A SERDES transceiver is the high-speed input/output workhorse within an FPGA that bridges the gap between the wide, slow parallel buses of the internal fabric and the narrow, multi-gigabit serial lanes required for modern data converter interfaces. In the context of digital predistortion, the SERDES block implements the physical layer for the JESD204B standard, transmitting the predistorted baseband signal to the digital-to-analog converter (DAC) and receiving the observed power amplifier feedback from the analog-to-digital converter (ADC) over a minimal number of differential pairs.
Glossary
SERDES

What is SERDES?
A SERDES (Serializer/Deserializer) is a functional block that converts parallel data into a high-speed serial stream and vice versa, forming the physical layer for JESD204B links to data converters in FPGA-based DPD systems.
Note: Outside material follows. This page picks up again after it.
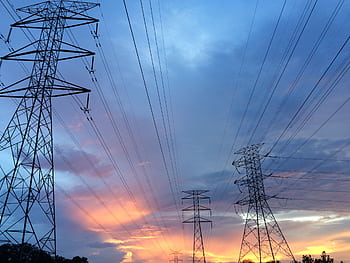 A scenic view of high voltage power lines silhouetted against a vibrant sunset sky. HD wallpaper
The core function involves a parallel-in, serial-out shift register on the transmit side and a serial-in, parallel-out shift register on the receive side, typically incorporating clock data recovery (CDR) to extract timing from the incoming bitstream. For FPGA-based DPD implementation, the SERDES block's deterministic latency and line rate directly constrain the achievable linearization bandwidth, making its configuration a critical design parameter for meeting the tight loop-delay budgets required by wideband memory polynomial predistorters.
Key Characteristics of FPGA SERDES
A Serializer/Deserializer (SERDES) is the fundamental mixed-signal block that bridges the wide, parallel world of FPGA fabric with the narrow, high-speed serial world of modern data converter interfaces like JESD204B. Understanding its architecture is critical for closing timing on DPD feedback paths.
Parallel-to-Serial Conversion
The core function of a SERDES transmitter is to serialize a wide parallel data bus into a single high-speed differential lane. Serializer logic takes an N-bit word from the FPGA fabric at a lower frequency and shifts it out at N times that rate.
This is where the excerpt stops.